# 🤖 Reinforcement Learning Demo: Grid World Navigation

## Problem Statement
**Goal**: Train an AI agent to navigate from START to GOAL while avoiding obstacles

**Environment**: 5x5 grid world
- 🟢 **Start**: Position (0,0) 
- 🎯 **Goal**: Position (4,4)
- 🚫 **Obstacles**: Fixed barriers at (1,1), (2,2), (3,1)

**Actions**: 4 directions (↑ → ↓ ←)

**Rewards**:
- +100 points for reaching the goal
- -1 point for each step (encourages efficiency)
- -10 points for hitting obstacles

**Learning Algorithm**: Q-Learning with ε-greedy exploration

In [None]:
import numpy as np
import matplotlib.pyplot as plt
import random
from IPython.display import clear_output
import time

print("✅ Libraries loaded successfully!")
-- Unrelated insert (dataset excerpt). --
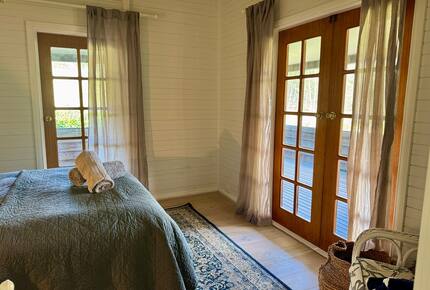 Hunter Valley Farmhouse Escape on 80 Acres - Congewai, Australia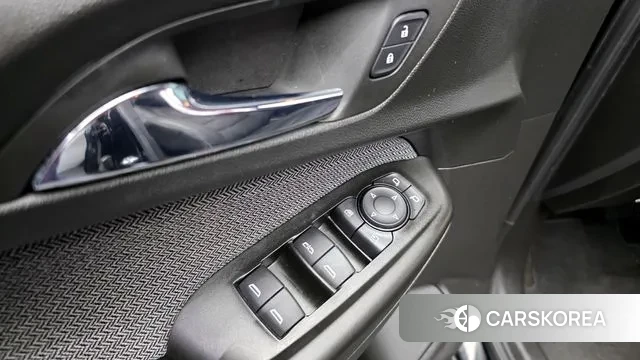 Chevrolet (GM Daewoo) Trailblazer 2021 Черный из Кореи, фото 5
## Step 1: Environment Setup

In [None]:
class GridWorld:
    def __init__(self, size=5):
        self.size = size
        self.start = (0, 0)
        self.goal = (size-1, size-1)
        self.obstacles = [(1, 1), (2, 2), (3, 1)]
        self.reset()
    
    def reset(self):
        self.pos = self.start
        return self.pos
    
    def step(self, action):
        # Actions: 0=up, 1=right, 2=down, 3=left
        moves = [(-1, 0), (0, 1), (1, 0), (0, -1)]
        new_pos = (self.pos[0] + moves[action][0], self.pos[1] + moves[action][1])
        
        # Check boundaries
        if (new_pos[0] < 0 or new_pos[0] >= self.size or 
            new_pos[1] < 0 or new_pos[1] >= self.size):
            new_pos = self.pos
        
        # Check obstacles
        if new_pos in self.obstacles:
            new_pos = self.pos
        
        self.pos = new_pos
        
        # Rewards
        if self.pos == self.goal:
            reward = 100
            done = True
        else:
            reward = -1
            done = False
        
        return self.pos, reward, done
    
    def visualize(self, agent_pos=None, path=None):
        grid = np.full((self.size, self.size), '⬜', dtype=object)
        
        # Mark path if provided
        if path:
            for pos in path[1:-1]:  # Exclude start and goal
                if pos not in self.obstacles:
                    grid[pos] = '🔵'
        
        # Mark special positions
        grid[self.start] = '🟢'  # Start
        grid[self.goal] = '🎯'   # Goal
        for obs in self.obstacles:
            grid[obs] = '🚫'     # Obstacles
        
        # Mark current agent position
        if agent_pos and agent_pos != self.start and agent_pos != self.goal:
            grid[agent_pos] = '🤖'
        
        print("Grid World:")
        for row in grid:
            print(' '.join(row))
        print("🟢=Start, 🎯=Goal, 🚫=Obstacle, 🤖=Agent, 🔵=Path")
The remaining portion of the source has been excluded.